▶ [EXERCISE]: Among the lines below, output only those between the line holding "2825 Briar Bush Lane, Fort Wayne, IN 46815" and the line holding "Adrianna Papell Black", inclusive, exactly as written and with no pictures.

________________________________________

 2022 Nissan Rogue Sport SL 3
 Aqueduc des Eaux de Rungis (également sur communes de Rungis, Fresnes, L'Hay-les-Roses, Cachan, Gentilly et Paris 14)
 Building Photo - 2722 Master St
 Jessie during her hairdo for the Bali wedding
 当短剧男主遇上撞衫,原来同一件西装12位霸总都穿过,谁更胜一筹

________________________________________

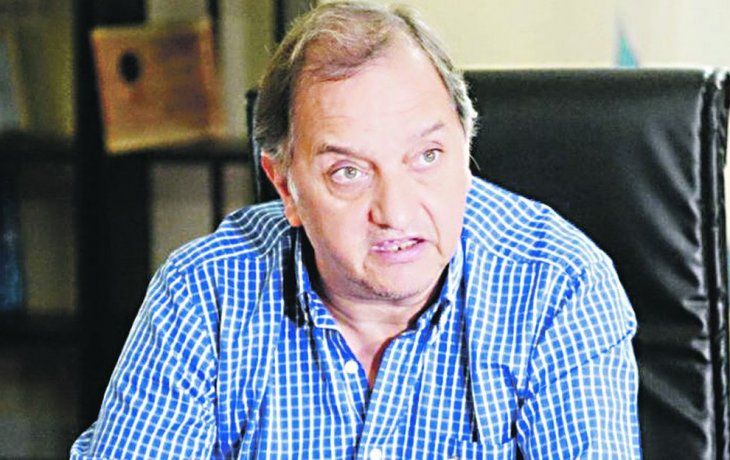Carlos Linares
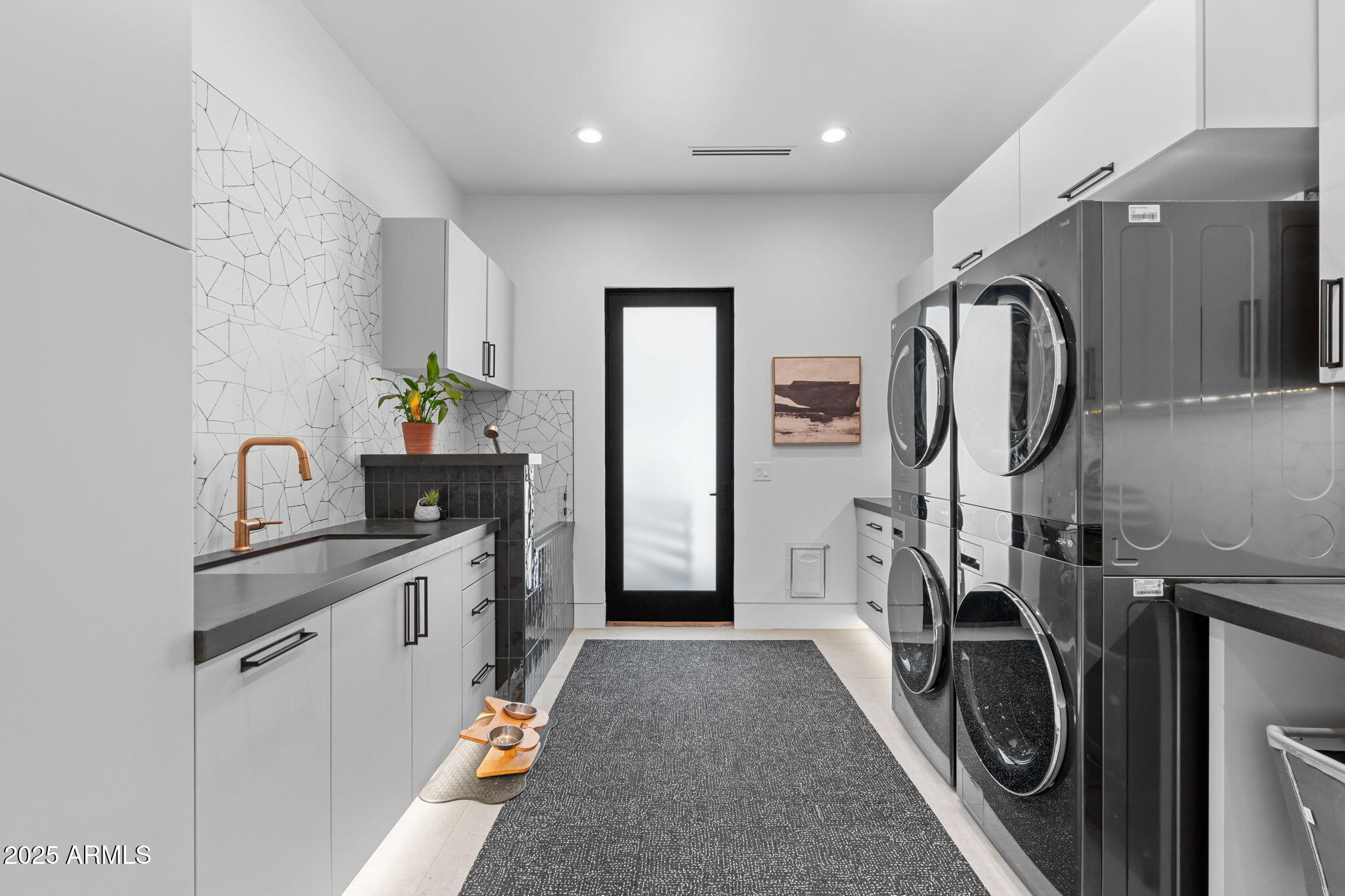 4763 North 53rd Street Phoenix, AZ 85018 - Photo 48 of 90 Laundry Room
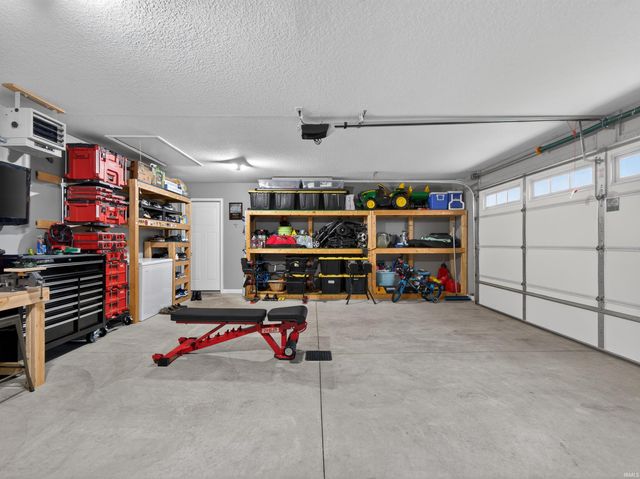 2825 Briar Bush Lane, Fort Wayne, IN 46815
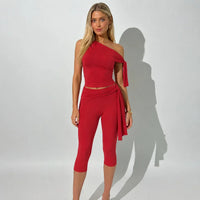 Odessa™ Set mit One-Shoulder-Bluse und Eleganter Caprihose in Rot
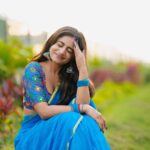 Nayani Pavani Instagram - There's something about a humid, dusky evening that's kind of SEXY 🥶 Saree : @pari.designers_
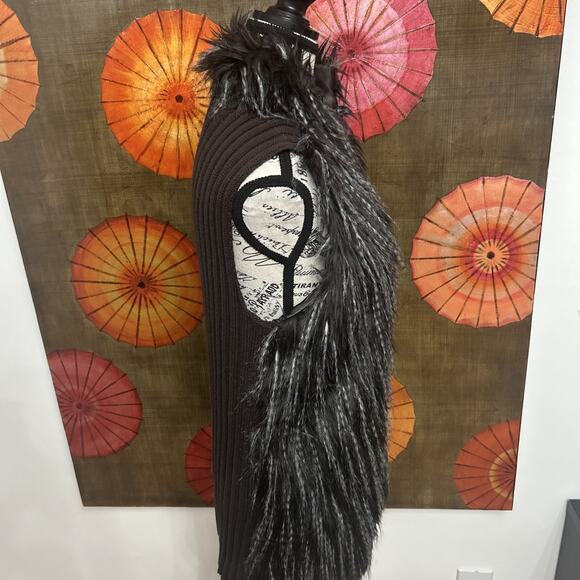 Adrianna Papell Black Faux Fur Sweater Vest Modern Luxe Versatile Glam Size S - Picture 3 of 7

________________________________________

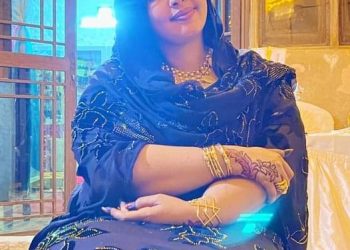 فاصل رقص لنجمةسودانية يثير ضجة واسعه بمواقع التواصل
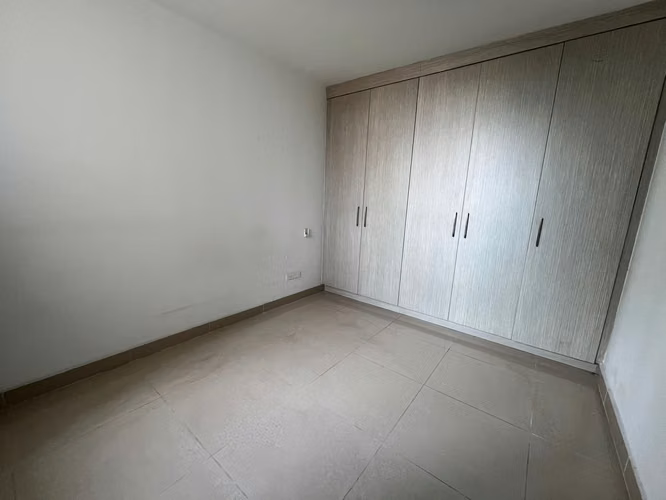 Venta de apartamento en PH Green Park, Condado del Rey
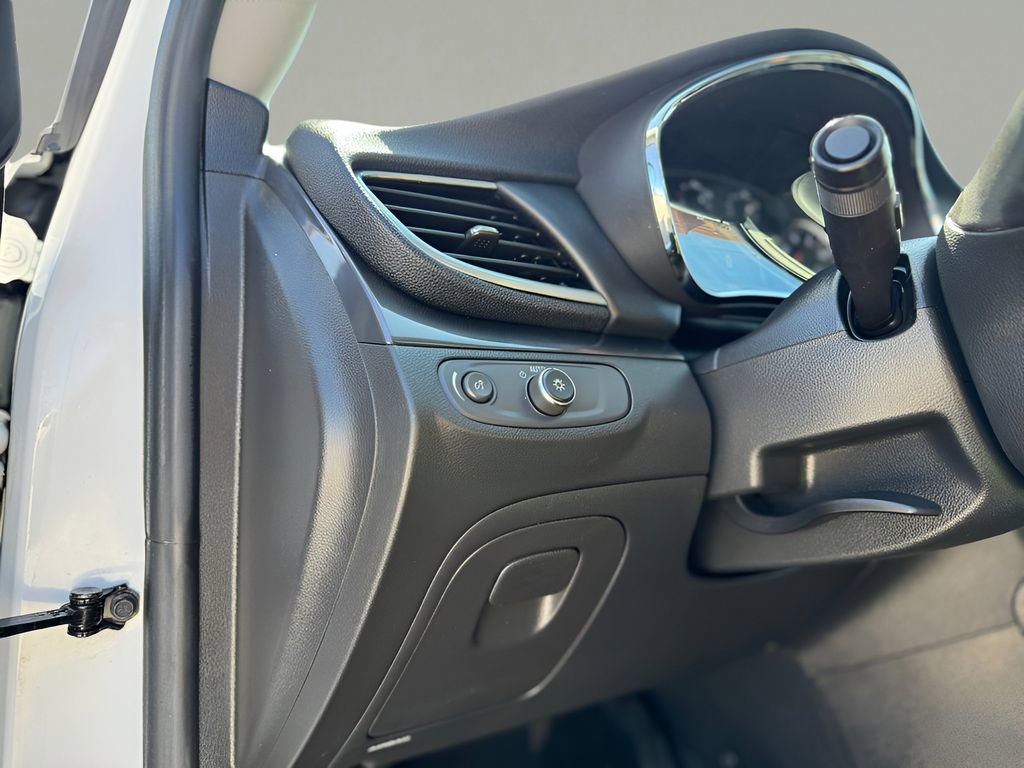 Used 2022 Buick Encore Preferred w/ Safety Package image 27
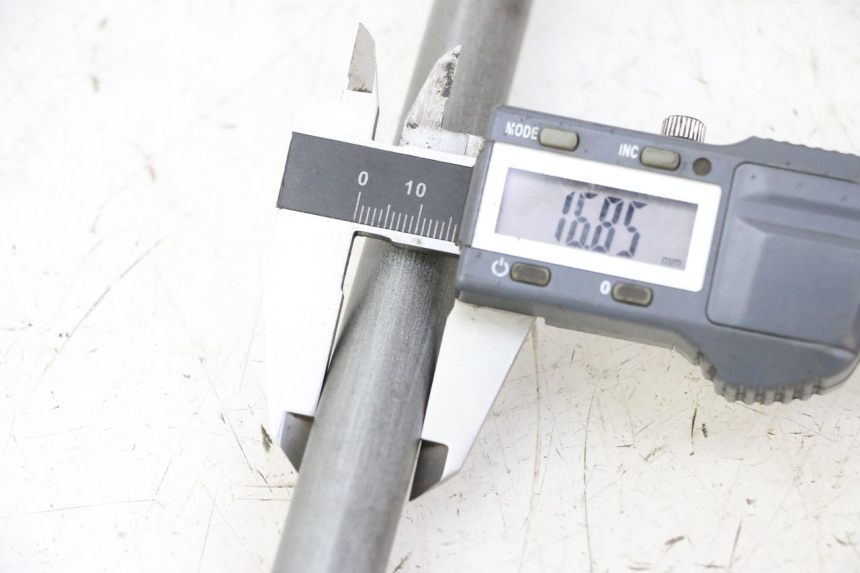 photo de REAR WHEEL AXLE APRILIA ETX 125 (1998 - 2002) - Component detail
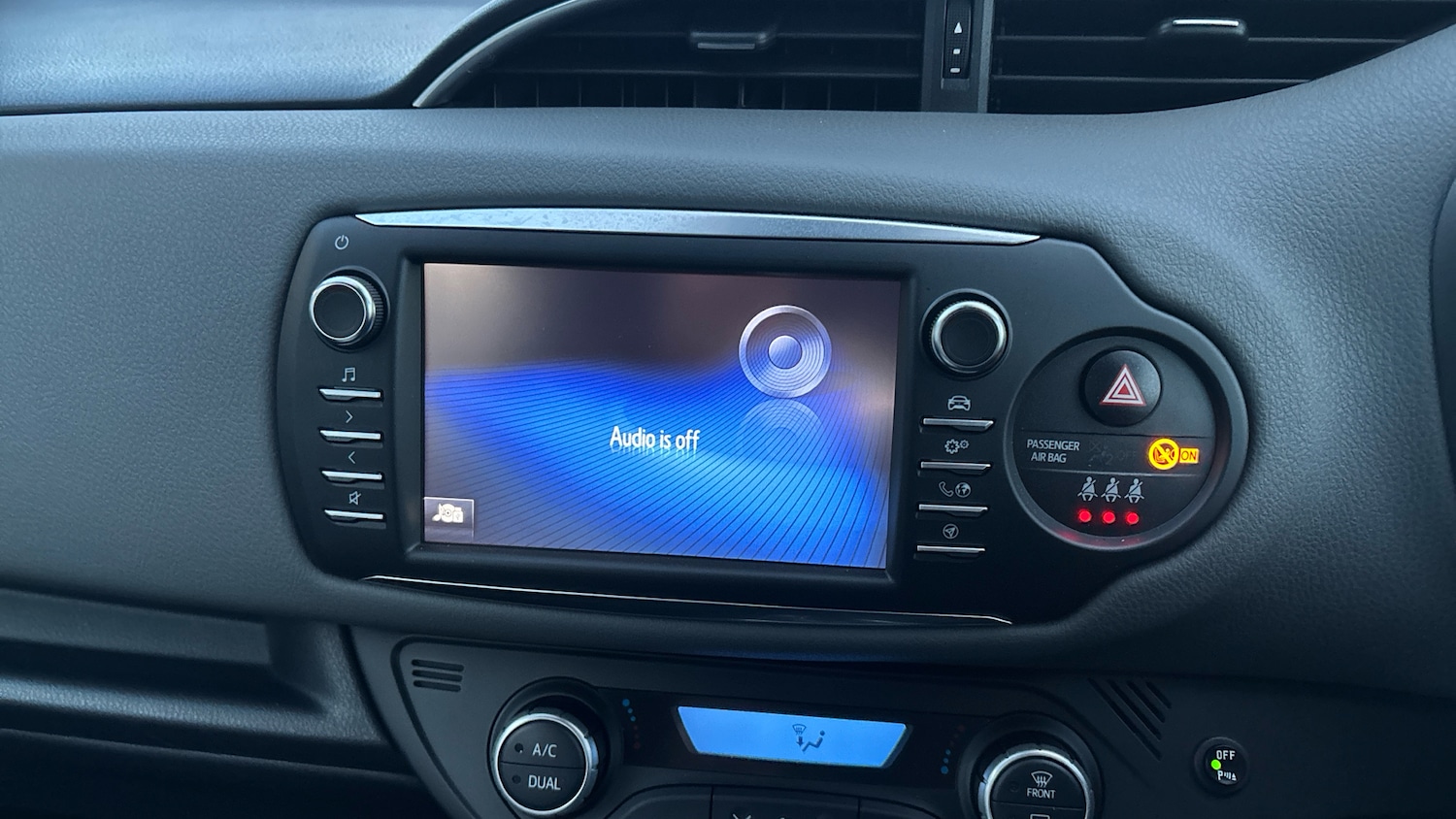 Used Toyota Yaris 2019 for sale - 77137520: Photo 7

________________________________________

▶ [ANSWER FOR THIS EXERCISE]:
 2825 Briar Bush Lane, Fort Wayne, IN 46815
 Odessa™ Set mit One-Shoulder-Bluse und Eleganter Caprihose in Rot
 Nayani Pavani Instagram - There's something about a humid, dusky evening that's kind of SEXY 🥶 Saree : @pari.designers_
 Adrianna Papell Black Faux Fur Sweater Vest Modern Luxe Versatile Glam Size S - Picture 3 of 7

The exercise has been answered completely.